Number 9: Freelancing

There are approximately one bajillion websites out there boasting articles, listicles, blogs, educational resources, and so on. Someone’s gotta write that shit, and it very well could be you. I know countless writers who got their start freelancing, writing articles or lists for various websites in return for a lump sum payment. It's possible to get a gig as the recurring writer for a website in return for a recurring income. Or you can submit a variety of pieces to a variety of websites.


Some people get intimidated by this option and think, “What the hell am I gonna write about?” But there's something for everyone. I know people who have written gossip about the royal family, they’ve reflected on intersectional feminism. Hell, there are people who get to write reactions to their favorite TV shows. Imagine getting paid to write about a show you were gonna watch anyway? Pretty sweet deal.

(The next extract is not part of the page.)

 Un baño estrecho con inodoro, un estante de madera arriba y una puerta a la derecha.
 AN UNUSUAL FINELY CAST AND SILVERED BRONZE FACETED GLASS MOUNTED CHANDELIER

Number 10: Virtual Assistant

A virtual assistant is an assistant who works virtually, as the name suggests. A lot of authors, influencers, and content creators need virtual assistants. And you know what a lot of virtual assistants do? Write! They write blog posts, they write articles, they write newsletters, they write social media posts. Of course, virtual assistants do more than that. They may handle administrative work like organizing calendars, invoices, and scheduling. They may also handle promotional work like social media posts, or designing sales imagery. You need a variety of skills in order to be a virtual assistant, but literally all of those skills are necessary for being a novelist anyway. Since you already got those skills, or you’re at least honing them, might as well use them to help someone else out and get paid while doing it.


I have a virtual assistant, she is an absolute godsend. And guess what? She's also a published author, and she uses her know-how not only to boost her platform but to get paid for helping me with mine. And I love her for it.


So that's all I've got for you today!

Author Jenna Moreci.

Hopefully, this got your gears turning on ways to make income as an author and/or freelance writer. As a fellow cyborg living in this digital age, you’ve probably already got a lot of these skills at your disposal. With some creativity (which we writers are pretty good at), you can diversify your income and set yourself up for success.